Senators issue warning about use of the Patriot Act
WASHINGTON — For more than two years, a handful of Democrats on the Senate intelligence committee have warned that the government is secretly interpreting its surveillance powers under the Patriot Act in a way that would be alarming if the public — or even others in Congress — knew about it.
On Thursday, two of those senators — Ron Wyden of Oregon and Mark Udall of Colorado — went further. They said a top-secret intelligence operation that is based on that secret legal theory is not as crucial to national security as executive branch officials have maintained.
The senators, who also said that Americans would be “stunned” to know what the government thought the Patriot Act allowed it to do, made their remarks in a letter to Attorney General Eric H. Holder Jr. after a Justice Department official last month told a judge that disclosing anything about the program “could be expected to cause exceptionally grave damage to the national security of the United States.”
The Justice Department has argued that disclosing information about its interpretation of the Patriot Act could alert adversaries to how the government collects certain intelligence. It is seeking the dismissal of two Freedom of Information Act lawsuits — by The New York Times and by the American Civil Liberties Union — related to how the Patriot Act has been interpreted.
The senators wrote that it was appropriate to keep specific operations secret.

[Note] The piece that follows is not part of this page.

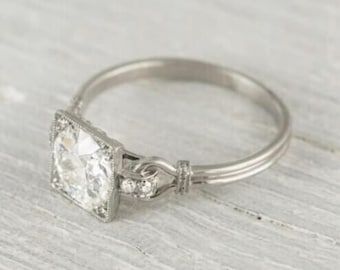 May include: A silver engagement ring with a square-shaped diamond set in a square frame. The ring has a delicate band with a twisted design and small diamonds on the side.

But, they said, the government in a democracy must act within publicly understood law so that voters “can ratify or reject decisions made on their behalf” — even if that “obligation to be transparent with the public” creates other challenges.
“We would also note that in recent months we have grown increasingly skeptical about the actual value of the ‘intelligence collection operation,”’ they added. “This has come as a surprise to us, as we were initially inclined to take the executive branch’s assertions about the importance of this ‘operation’ at face value.”
The dispute centers on what the government thinks it is allowed to do under Section 215 of the Patriot Act, under which agents may obtain a secret order from the Foreign Intelligence Surveillance Court allowing them to get access to any “tangible things” — like business records — that are deemed “relevant” to a terrorism or espionage investigation.
There appear to be both an ordinary use for Section 215 orders — akin to using a grand jury subpoena to get specific information in a traditional criminal investigation — and a separate, classified intelligence collection activity that also relies upon them.
The interpretation of Section 215 that authorizes this secret surveillance operation is apparently not obvious from a plain text reading of the provision and was developed through a series of classified rulings by the Foreign Intelligence Surveillance Court.